Le monde des abeilles, en effet, est l’un des plus étonnants qui soient pour l’esprit humain, comme l’atteste l’intérêt qu’on lui porte depuis les époques les plus reculées. Le centre de ce monde, c’est la ruche, et les abeilles sont les protagonistes de la vie extraordinaire qui frémit en elle. Il s’agit d’une des espèces animales les plus riches, les mieux organisées et qu’on trouve dans toutes les régions, sous tous les climats. Elles possèdent une grande facilité d’adaptation, de sûrs moyens de défense, des organes des sens très fins, et sont étonnamment prolifiques. La vie des abeilles se déroule sous forme de société permanente ; les individus sont groupés en catégories, et chacun possède une forme adaptée à la tâche particulière qui lui incombe au profit de la communauté. L’attention des savants et des profanes se porte d’emblée vers la reine. Plus grande que les autres et vivant plus longtemps, elle a comme fonction de pondre les œufs, de quinze cents à trois mille par jour, pendant cent quarante jours environ. Comme elle est dépourvue de moyens de défense, ce sont les autres qui la protègent, et quand elle craint que d’autres reines ne deviennent ses rivales, elle fuit avec un essaim d’ouvrières et devient fondatrice d’une nouvelle ruche. 

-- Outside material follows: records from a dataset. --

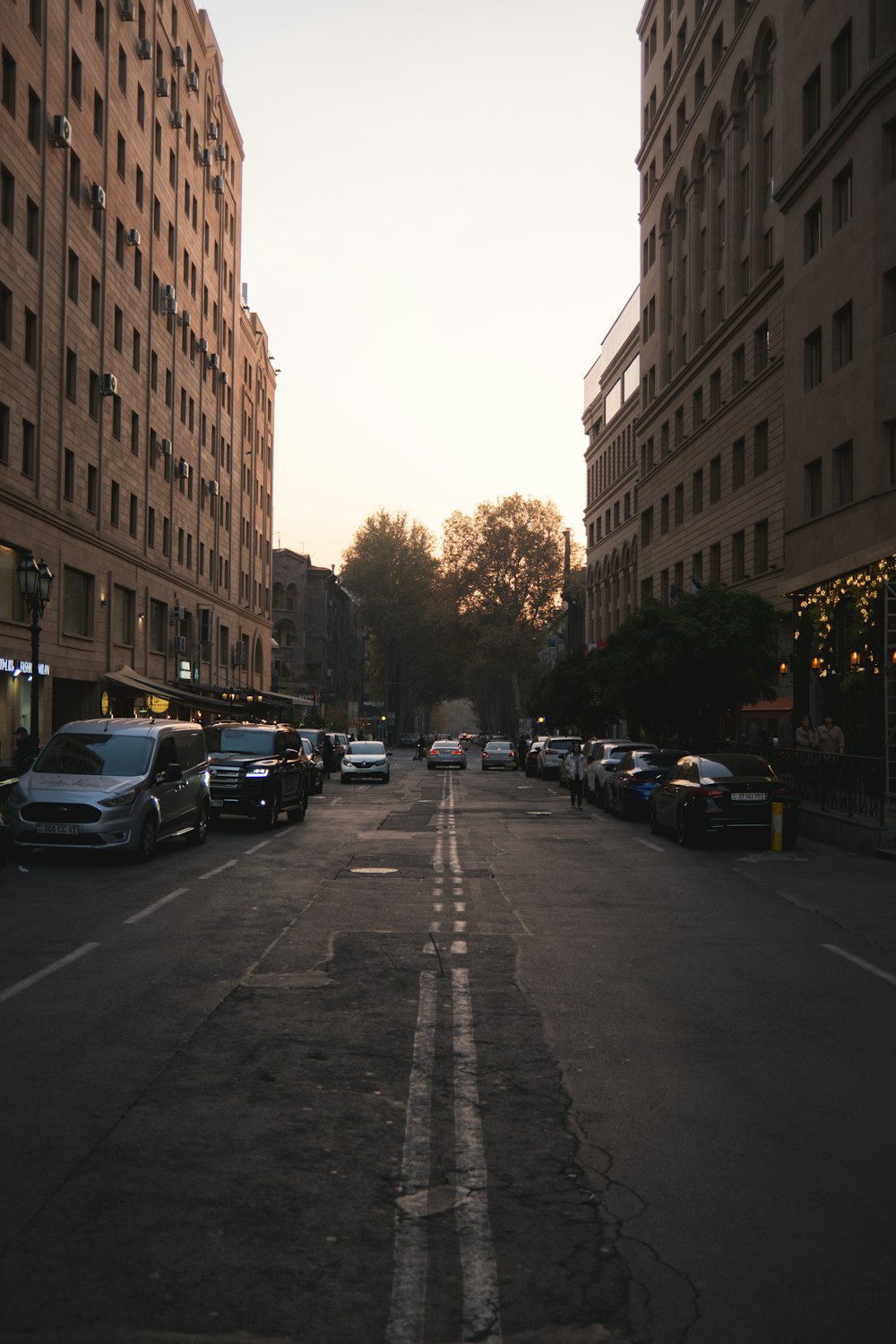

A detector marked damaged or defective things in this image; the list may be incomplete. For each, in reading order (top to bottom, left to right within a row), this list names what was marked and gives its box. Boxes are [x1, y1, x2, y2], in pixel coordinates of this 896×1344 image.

cracked asphalt [1, 753, 896, 1340]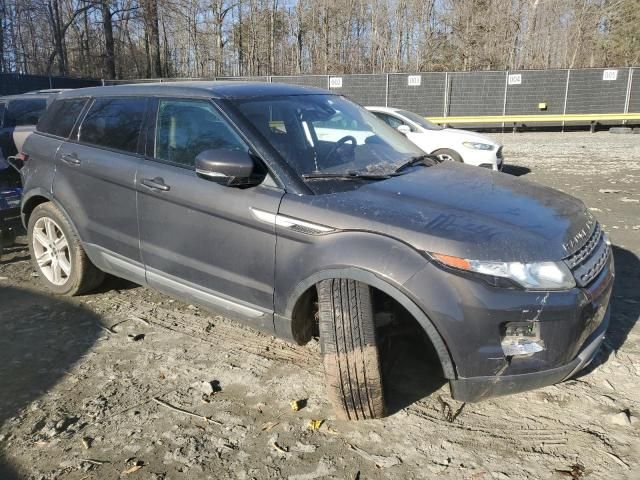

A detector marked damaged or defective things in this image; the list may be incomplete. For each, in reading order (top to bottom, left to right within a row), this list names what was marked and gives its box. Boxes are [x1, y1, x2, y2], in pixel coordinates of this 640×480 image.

detached wheel [27, 202, 104, 294]
detached wheel [316, 280, 382, 418]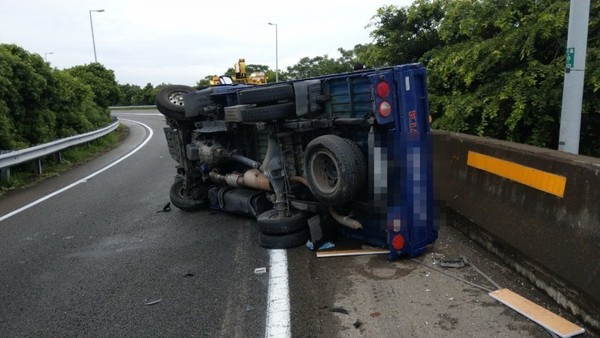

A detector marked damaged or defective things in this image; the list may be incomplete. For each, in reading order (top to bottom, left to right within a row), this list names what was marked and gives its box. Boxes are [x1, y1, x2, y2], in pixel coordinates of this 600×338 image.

overturned blue truck [155, 63, 436, 258]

Autour de la reine, on trouve les faux bourdons, physiquement plus démunis, qui ont une part active dans la fécondation et sont nécessaires pour la continuation de la vie dans la ruche. Mais les ouvrières, toujours très nombreuses, se montrent les plus laborieuses et les plus utiles. Elles se répartissent les charges, afin que tout le travail se fasse bien et en temps opportun. Nées depuis peu, elles remplissent déjà l’office de nourrices ; à peine commencent-elles à sécréter la cire qu’elles se font constructrices ; finalement, au moment de leurs premiers vols de fleur en fleur, elles deviennent suceuses. Toutes cependant se préoccupent de leur défense individuelle et de celle de la colonie entière, sans qu’aucun poste demeure inoccupé, grâce à la relève incessante de toutes les ouvrières. 

Il n’est pas possible, et de toute manière, pour vous, il n’est pas nécessaire de raconter les merveilles du monde des abeilles, monde extraordinaire, dont le mystère reste encore incomplètement dévoilé ; monde sympathique, dirions-Nous même, à cause des services variés, qu’il rend aux hommes. 

Le langage des abeilles – Qu’il suffise, pour rappeler l’une des raisons de notre étonnement, d’évoquer la manière dont les abeilles se comprennent, se consultent, s’interrogent. Certes, on savait depuis longtemps qu’elles parlaient en quelque sorte au moyen de différentes danses ; mais récemment on a appris qu’elles communiquaient entre elles par un organe minuscule, la glande Nasonof, qui leur servirait à émettre des effluves de nature vraisemblablement corpusculaire et parfumée, rayonnante et ondulatoire ; ces effluves ne seraient captés que par les abeilles de la colonie, à laquelle appartient l’émettrice. Plus récemment encore, on aurait découvert que les abeilles correspondent aussi au moyen des ultrasons ; on peut en effet observer certains mouvements rapides et périodiques des ailes, sans qu’on perçoive pour autant aucun son. Les ultrasons aideraient les ouvrières dispersées à rejoindre l’essaim, et attireraient d’autres individus à travailler sur une fleur. Certains pensent que le sens extraordinaire de l’orientation, que possèdent les abeilles, pourrait être utilisé même pour porter des messages. 

La cire et le miel – Et cela Nous amène à Nous arrêter sur un autre aspect monde des abeilles : les avantages que l’homme retire de leur activité. Leur cire — la principale cire animale — est l’œuvre de ces ouvrières infatigables. Si l’on songe que les cierges destinés à l’usage liturgique doivent être faits, en tout ou en majeure partie, avec cette cire (cf. Decreta authentica Congregationis Sacrorum Rituum, n. 4147, 14 déc. 1904), l’on admettra aisément que les abeilles aident en quelque sorte les hommes à accomplir leur devoir suprême, celui de la religion. 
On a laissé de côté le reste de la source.